Distribution Normality

In probability theory, the normal distribution is a very common distribution.

Normal distributions are important in statistics and are often used in industry, natural and social sciences to represent real random variables whose distributions are not known. Several very important statistical tools rely on the assumption of normality. For this reason, it is essential to validate the assumption for continuous variables so that we can choose the right (Six Sigma) tools.

The normal distribution is useful because of the central limit theorem, which states that under certain conditions the sum of many random variables will have an approximately normal distribution.

In statistics, normality tests are used to determine whether a set of data follows a normal distribution. More precisely, the tests are a form of model selection, and can be interpreted in several ways.

The normal probability plot is a graphical technique for identifying deviations from normality. This includes identifying outliers, asymmetry, flattening, etc. Normal Probability Plots are made from raw data and estimated parameters.
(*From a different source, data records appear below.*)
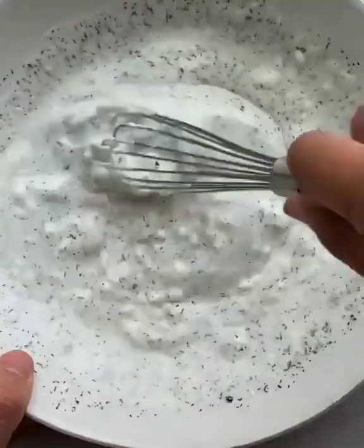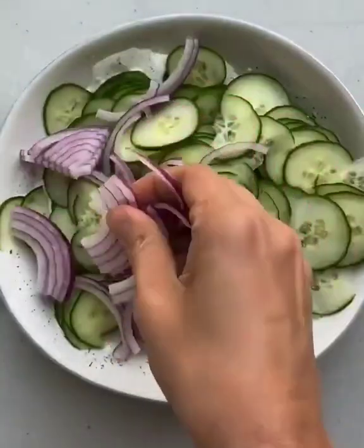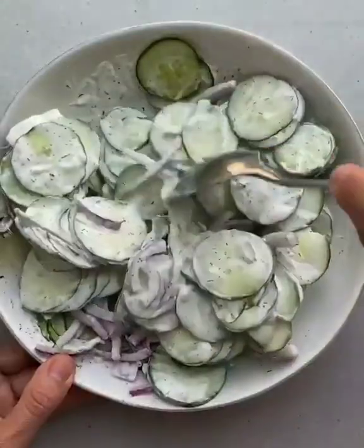Add a little sugar if you'd like, some vinegar, dill, salt and pepper. Then whisk, and add the cucumbers and a little red onion for an added crunch.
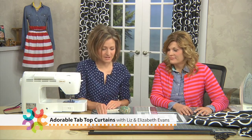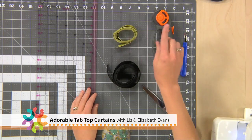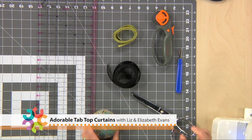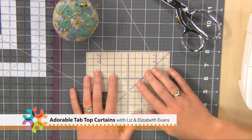Some tools that are going to come in handy for us today are a cutting mat, some scissors, a ruler, a measuring tape, your rotary cutter, and our trusty seam ripper. You could also grab some pins, your scissors, and we've got a really neat hemming tool that we're going to show you how it works in just a little bit — it's a really great tool that's going to come in handy.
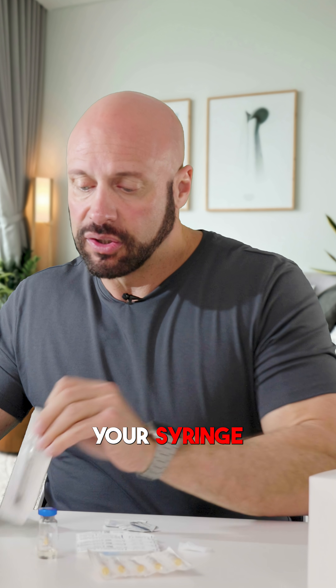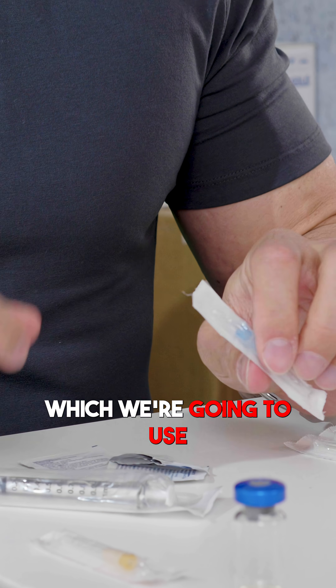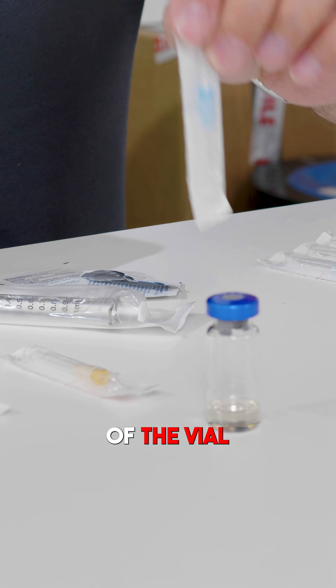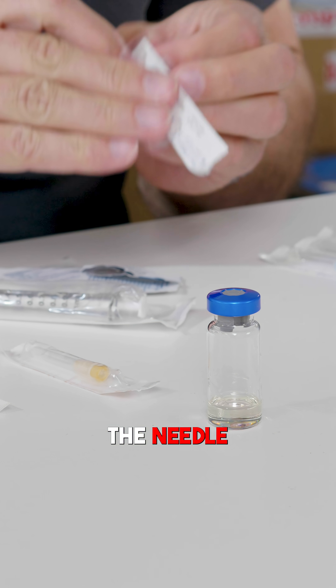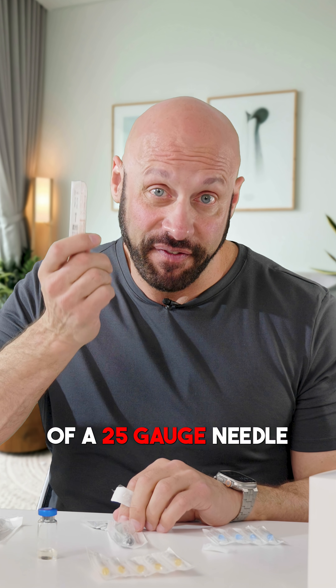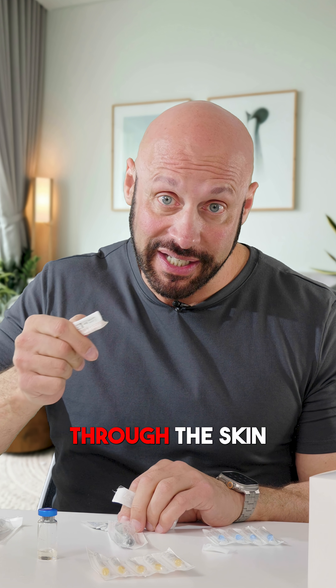Then you want to select your syringe and use your 23 gauge needle, which we're going to use only for drawing out. Because once you go through that rubber bung at the top of the vial, it will dull the needle. You could inject with it, but you also have the benefit of a 25 gauge needle — even thinner — to actually inject into your body through the skin.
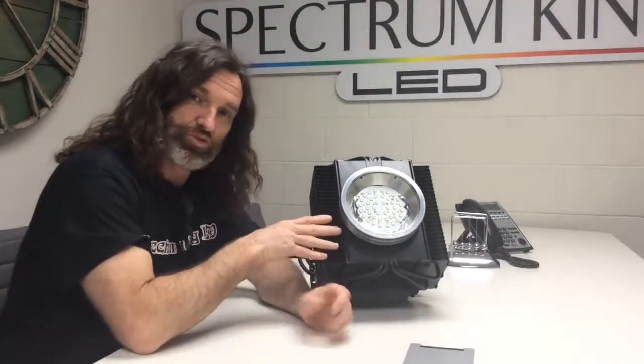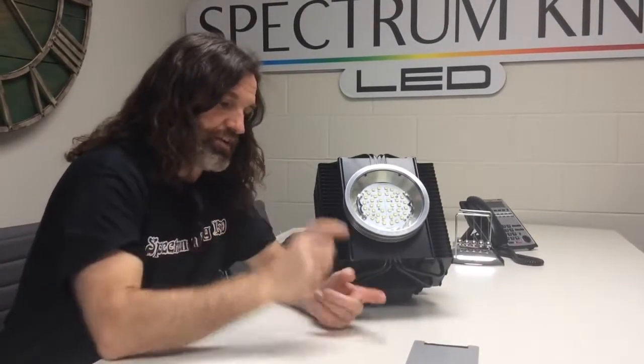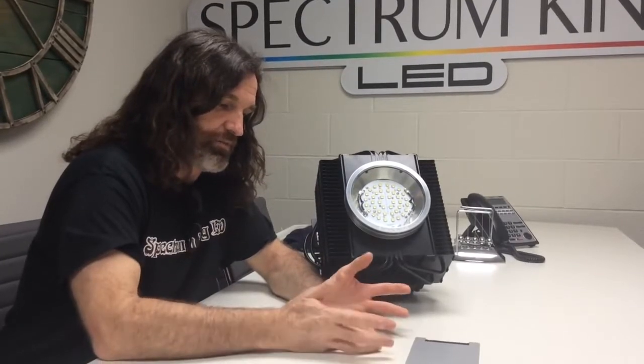Hi guys. Why am I sitting here with a 400 plus 120? Because I can — that's how I roll. No, seriously, I'm sitting with a 400 plus 120 because someone called in and asked, can I use it like this? Can I use it like that? And I said, well, how about this — I'll send you some pictures of what other people are doing with it.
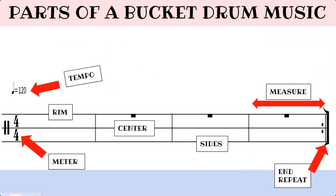Let's go! Here are the parts of a bucket drum music. Whenever you get a piece of bucket drum music, first locate the tempo marking. The higher the number, the faster you play; the lower the number, the slower you play. Next, check out the meter sign so you can have an idea of the groove of the music you're about to play.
The Probability Plot compares the theoretical values with the observed values to test whether the distribution is normal.

On the vertical axis we see the percentage values for a theoretical normal distribution having the same mean and standard deviation as the collected data. Current data appears on the horizontal axis (see adjacent chart).

If the two distributions match perfectly, the points on the graph will fall on a straight line with a slope equal to 1. To be a normal distribution, p-value > 0.05. All data should lie between the two curved bands above and below the 45° line.

The test statistic (Anderson-Darling) measures how well the data follows a certain distribution. For example, we can use the test to determine whether the data meets the assumption of normality for a t-test. We can use MINITAB to do this.

The assumptions for the Anderson-Darling test are:

❖ H0: The data follows a normal distribution;

❖ H1: The data does not follow a normal distribution.

We use p-values to test for normality. If the p-value is greater than a risk coefficient called "risk alpha" (usually 0.05 or 0.10), the null hypothesis cannot be rejected. In the image, we can see that the p-value is 0.1 (> 0.05).

Under these conditions, we can say that our data follows a normal distribution.